Say I was trying to isolate N and here is my equation:
D <= 3^(2^(N-1))
Is this as simplified as the equation can get?:
((log * (log D / log 3)) + log 2) / log 2 <= N
Here is my logic:
log D <= log 3^(2^(N-1))
log D <= 2^(N-1) * log 3
log D / log 3 <= 2^(N-1)
log * (log D / log 3) <= (N-1)*(log 2)
log * (log D / log 3) <= (N*log2) - log 2
(log * (log D / log 3)) + log 2 <= N*log2
((log * (log D / log 3)) + log 2) / log2 <= N
Did you even read Dr. Peterson's or my posts in your other thread?
There is a family of logarithm functions, not one logarithm function. There are in fact an infinite number of logarithm functions. They share common features but are not identical.
According to pka's view, \(\displaystyle log(a) \equiv log_e(a), \text { where } e \approx 2.718282.\)
because everybody naturally thinks in terms of integral calculus, including kids being introduced to logarithms for the first time.

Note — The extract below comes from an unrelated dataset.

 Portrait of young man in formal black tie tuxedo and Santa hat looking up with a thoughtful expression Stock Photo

According to the more old fashioned convention,
\(\displaystyle log(a) \equiv log_{10}(a) \text { and } ln(a) \equiv log_e(a)\)
I find that ancient rule better for a number of reasons such as that I personally find it easier to compute powers of 10. (Hey, I am not a mathematician so I can admit to my reliance on counting by my fingers.)

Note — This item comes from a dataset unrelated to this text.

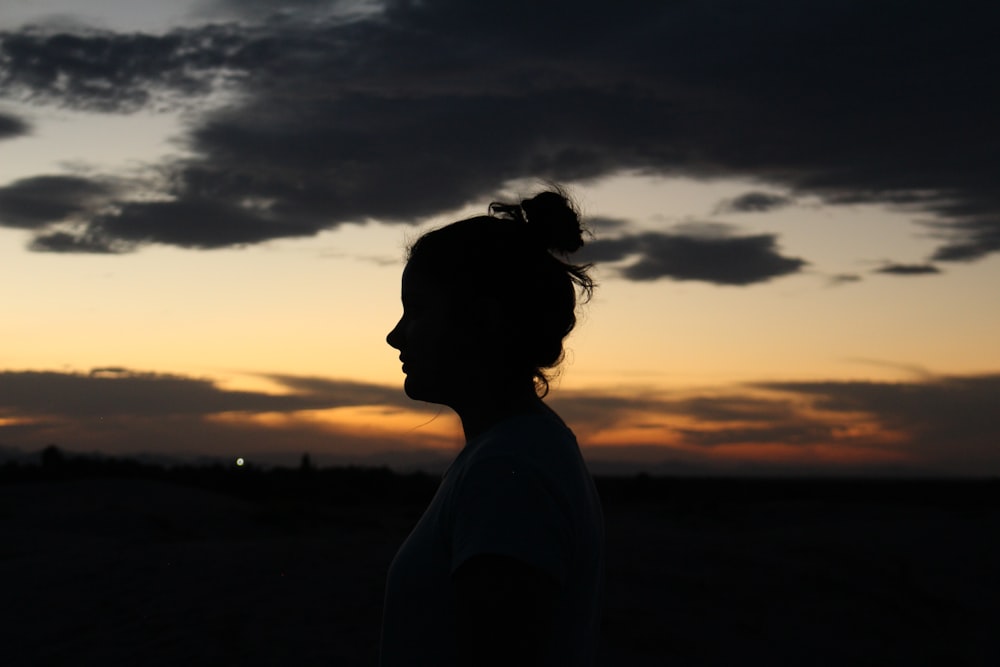 silhouette of woman standing during sunset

In either case, for any other base, you
must specify the base of the logarithm. Otherwise, no one has a clue which logarithm function you are talking about. Remember: there are an infinite number of different ones.
\(\displaystyle u = 2^{(n-1)} \text { and } d = 3^u \implies\)

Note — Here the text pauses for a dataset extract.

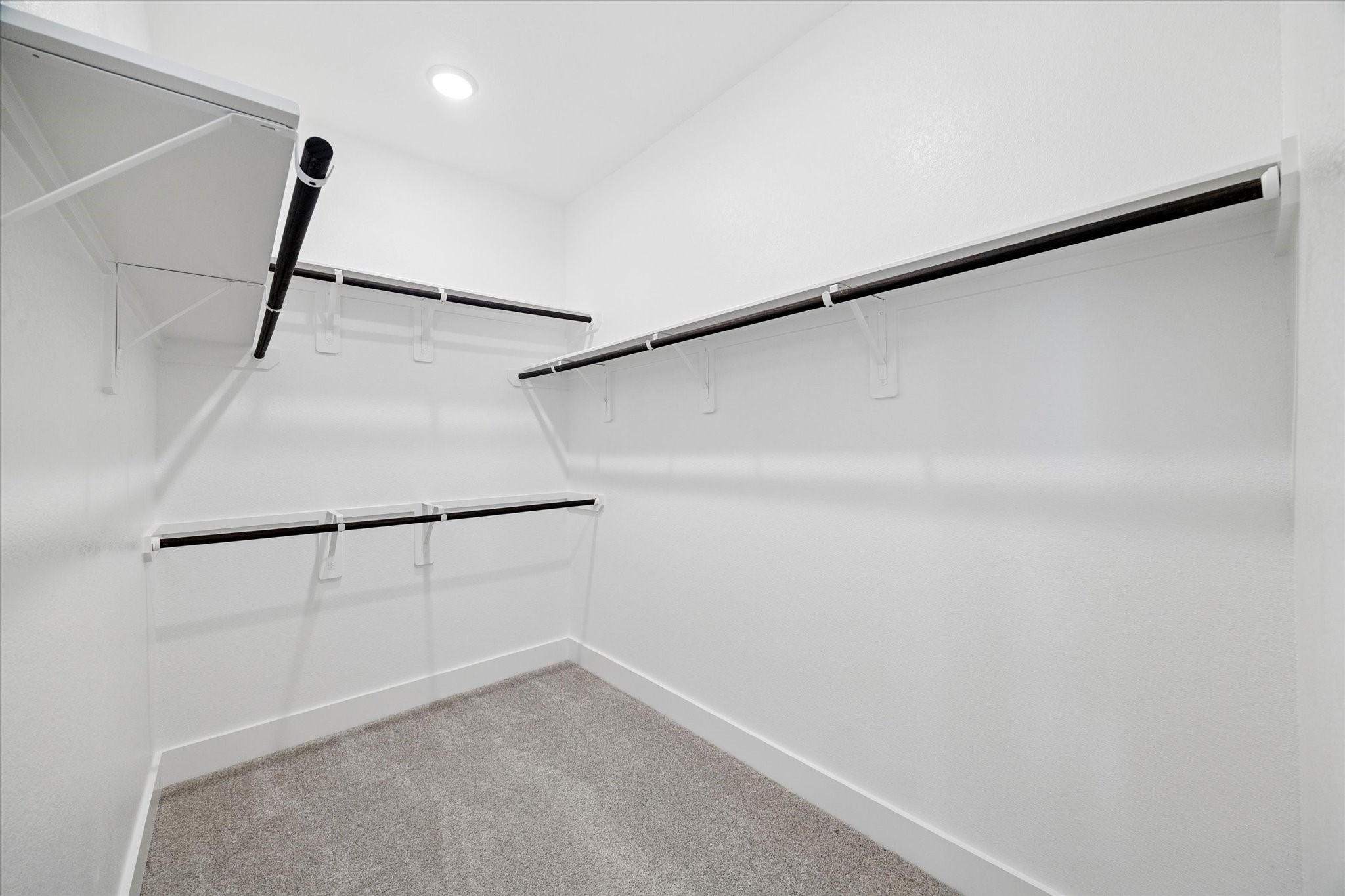 31435 Beacon Cove Trail Fulshear, TX 77441 - Photo 19 of 35 a view of an empty walk in closet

\(\displaystyle log_2(u) = log_2(2^{(n - 1)}) = n - 1 \text { and } \log_3(d) = log_3(3^u) = u \implies\)
\(\displaystyle log_2\{log_3(d)\} = log_2(u) = n - 1 \implies\)
\(\displaystyle n = 1 + log_2\{log_3(d)\}.\)
NOTE: This is a virtual duplicate of my response to the same question asked in another thread.